> PROMPT: Each record that follows should be duplicated exactly, except for its pictures.

━━━━━ INFORMATION SUPPLIED ━━━━━

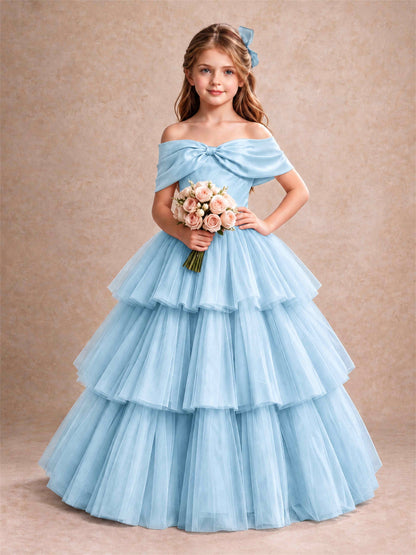 Off Shoulder Satin Bow Flower Girl Dress Tiered Ruffle Tulle Floor Length Wedding Pageant Gown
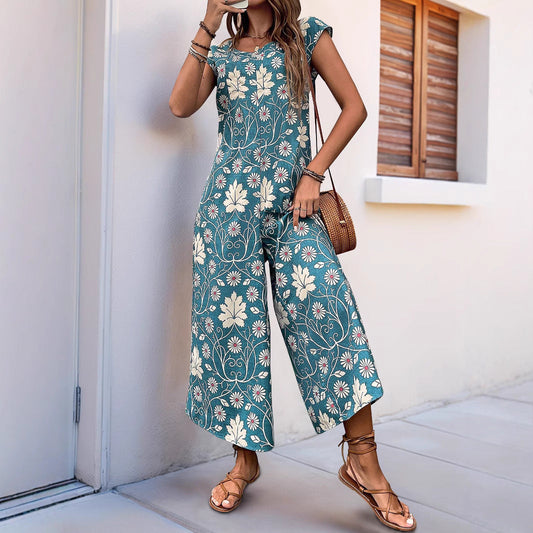 Women's jumpsuit – Relaxed fit – Wide legs – Short sleeves – Floral print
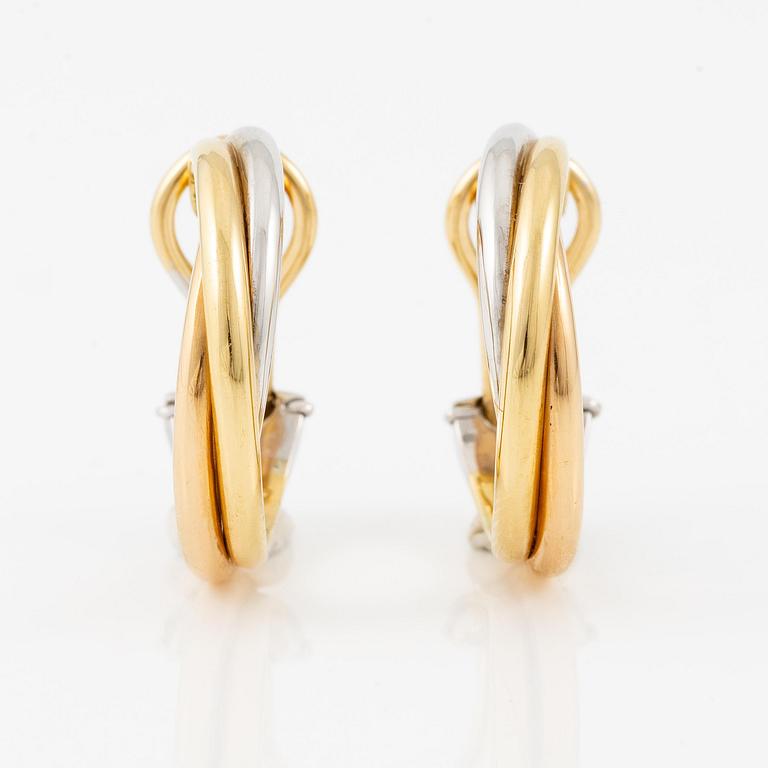Cartier a pair of "Trinity" earrings 18K gold in three colours.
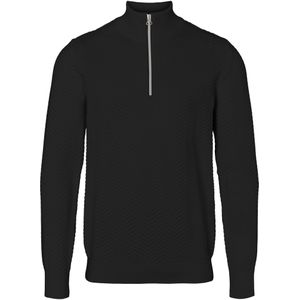 Kronstadt Carlo Sweatshirt ritssluiting zwart, Effen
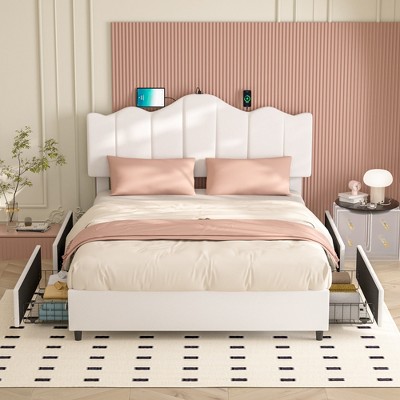 VECELO Queen/Full Size Platform Bed Frame with Type-C & USB Charging Stations and 4 Storage Drawers, Upholstered Adjustable Headboard, Beige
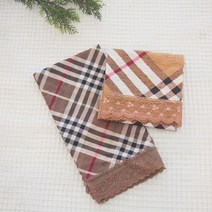 [ 에디트537 ] 마리끌레르 고급 예쁜 체크 손수건 매너손수건 레이스손수건 손수건앞치마 무릎덮개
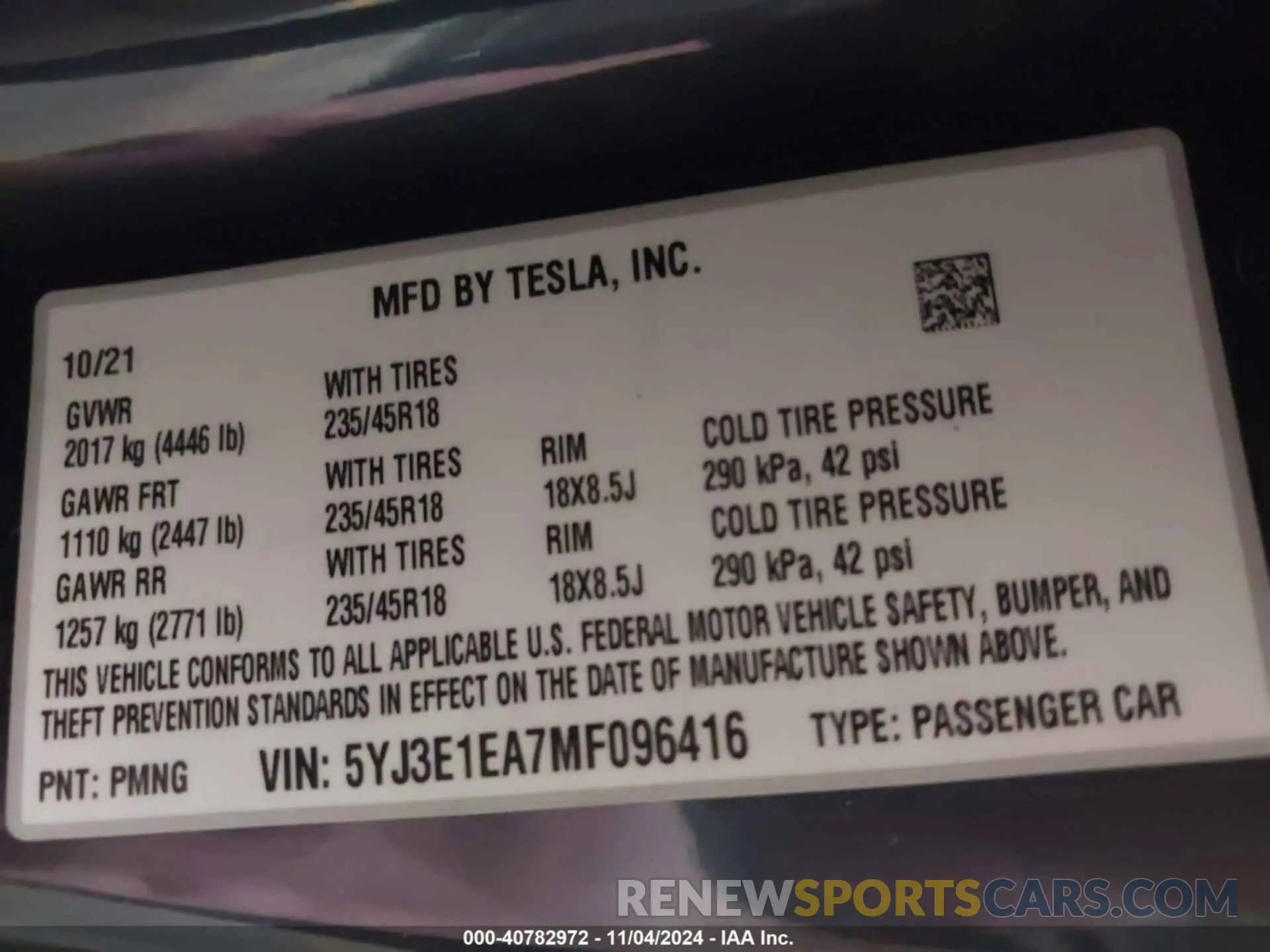 9 Photograph of a damaged car 5YJ3E1EA7MF096416 TESLA MODEL 3 2021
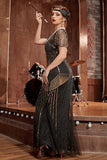 Vestido preto e dourado de lantejoulas longas dos anos 1920 Gatsby dress com lantejoulas
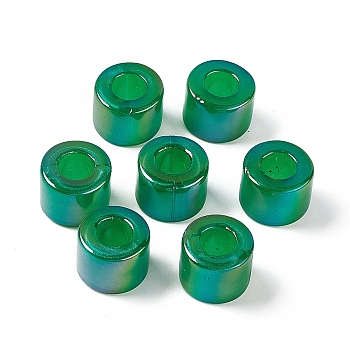 Opaque Acrylic Beads, AB Color, Column, Green, 16x12.2mm, Hole: 6.7mm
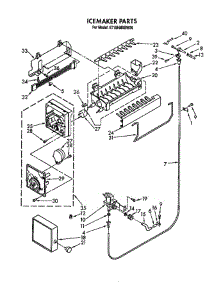 Icemaker parts for Whirlpool Refrigerator S22QFWH00 from AppliancePartsPros.com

━━━━━

> ANSWER FOR THE TASK:
 Off Shoulder Satin Bow Flower Girl Dress Tiered Ruffle Tulle Floor Length Wedding Pageant Gown
 Women's jumpsuit – Relaxed fit – Wide legs – Short sleeves – Floral print
Cartier a pair of "Trinity" earrings 18K gold in three colours.
 Kronstadt Carlo Sweatshirt ritssluiting zwart, Effen
 VECELO Queen/Full Size Platform Bed Frame with Type-C & USB Charging Stations and 4 Storage Drawers, Upholstered Adjustable Headboard, Beige
 [ 에디트537 ] 마리끌레르 고급 예쁜 체크 손수건 매너손수건 레이스손수건 손수건앞치마 무릎덮개
 9 Photograph of a damaged car 5YJ3E1EA7MF096416 TESLA MODEL 3 2021
 Vestido preto e dourado de lantejoulas longas dos anos 1920 Gatsby dress com lantejoulas
 Opaque Acrylic Beads, AB Color, Column, Green, 16x12.2mm, Hole: 6.7mm
 Icemaker parts for Whirlpool Refrigerator S22QFWH00 from AppliancePartsPros.com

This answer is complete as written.